Custom Aggregations: User-Defined Aggregates

Downloads
49983.zip

In this series of articles, I'm discussing various classes of custom-aggregation solutions. SQL Server's built-in aggregate functions (e.g.,AVG, COUNT, MAX, MIN, SUM) are admittedly useful, but what if you need other types of aggregations that SQL Server doesn't provide? In the series' first two articles—"Custom Aggregations: The CursorTechnique" (http://www.sqlmag.com, March 2006, InstantDoc ID 49038) and "Custom Aggregations: The Pivoting Technique" (May 2006, InstantDoc ID 49675), I discussed cursor-based and pivot-based solutions.This month, I discuss solutions that utilize a new capability in SQL Server 2005: using .NET code to develop your own user-defined aggregates (UDAs).

As with the rest of the columns in this series, I'm using string concatenation as my example of a custom aggregation task.

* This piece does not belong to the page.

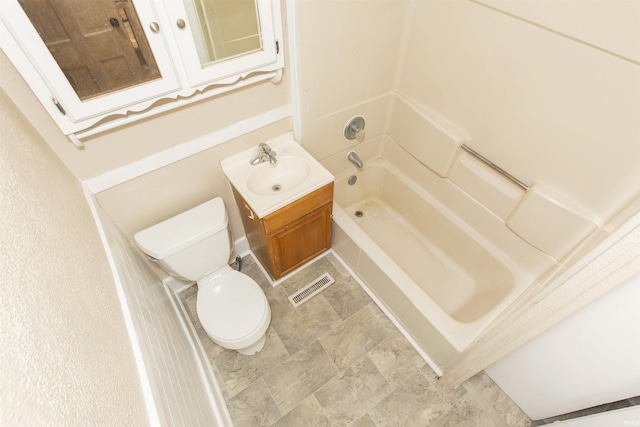 full bathroom featuring vanity, toilet, and washtub / shower combination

Here's a quick summary of the two sample concatenation tasks featured in the March and May columns:The first task is to use the Northwind database to return each customer and, for each, a concatenated list of order IDs expressed as a comma-separated list of values and sorted by order ID, as Table 1 shows.The second task is to aggregate distinct, concatenated employee IDs for each customer, as Table 2 shows.

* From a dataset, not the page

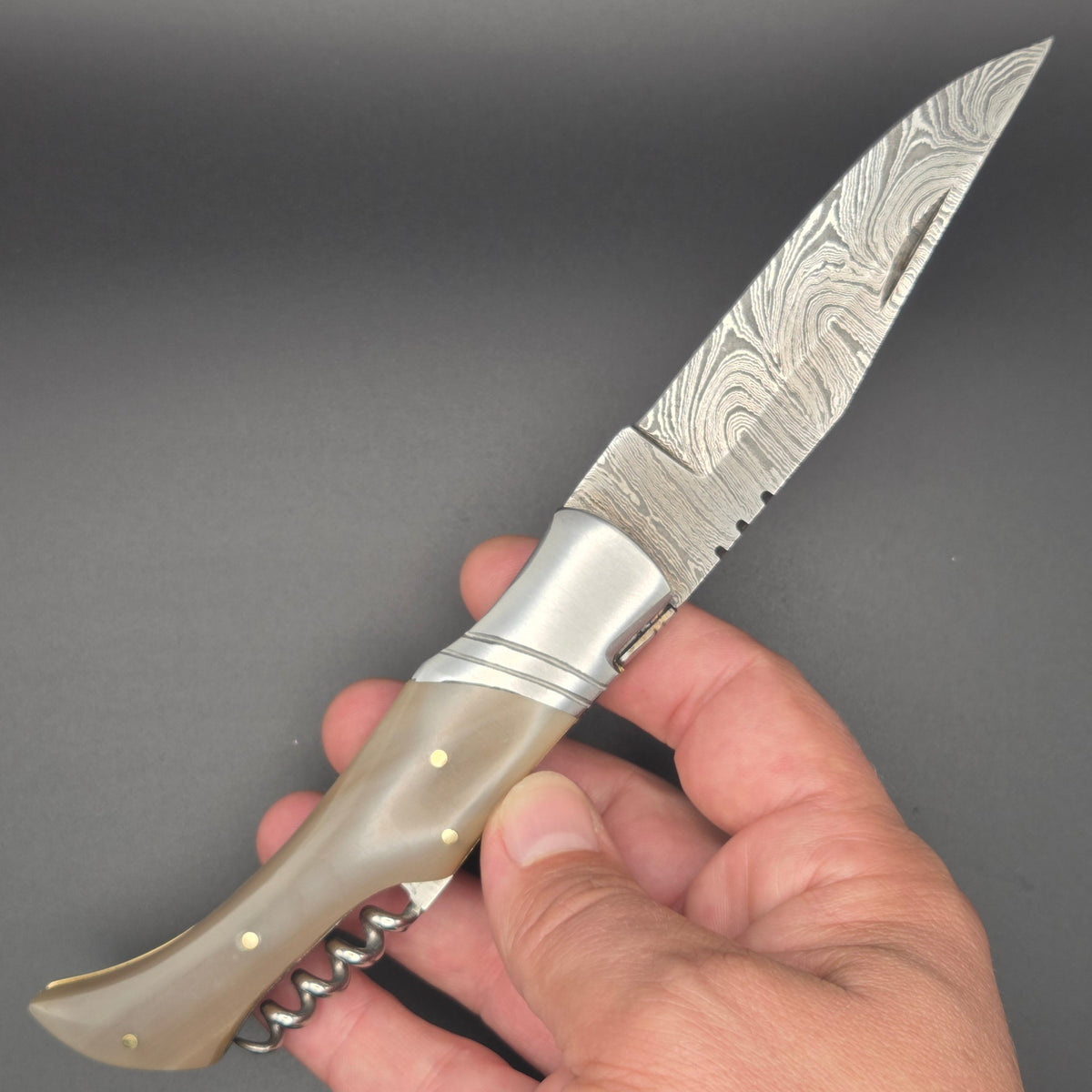 couteau pliant utilitaire avec lame damas et tire-bouchon tenu dans une main en position ouverte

Remember that we're evaluating the usefulness of each solution based on several factors: Is the solution generic? Does the solution support an unlimited number of elements in a group, and does it have any special limitations? Can you apply the aggregation to the elements in a desired order? How well does it perform? Finally, is the solution set-based or is it iterative/procedural? Let's first examine custom aggregate solutions based on UDAs, then evaluate the solution based on the aforementioned criteria, as I did with the cursor-based and pivot-based solutions.

UDA-Based Custom Aggregates

SQL Server 2005 introduces .NET integration. You can now develop various components in SQL Server, based on the Common Language Runtime (CLR). These include UDAs, user-defined types (UDTs), user-defined functions (UDFs), stored procedures, and triggers.The focus of this article is UDAs. Note that you can develop UDAs only with the CLR; SQL Server doesn't support the development of UDAs with TSQL code. However, after you deploy the UDAs in SQL Server, you can use them just like any other built-in aggregate function in T-SQL.

You can use any development environment you want to develop UDA code—even Notepad. However, using Visual Studio 2005 Professional Edition or later is more convenient because it's a rich development environment that lets you debug your code. This product also lets you easily deploy your code in SQL Server. In this article, I assume that you'll use Visual Studio 2005 Professional Edition or later. In doing so, I'll point out the steps that differ in the development and deployment process if you're using an edition of Visual Studio 2005 other than the Professional Edition (e.g., Standard).

Listing 1 contains the definition of the StringConcat function in C# code. In Web Listing 1 (http://www.sqlmag.com, InstantDoc ID 49983), you'll find the definition of the function in Visual Basic code.The code in both functions is similar; the only difference is the language of choice.As I describe the functions' logic, you can examine either of the listings, based on your language of preference.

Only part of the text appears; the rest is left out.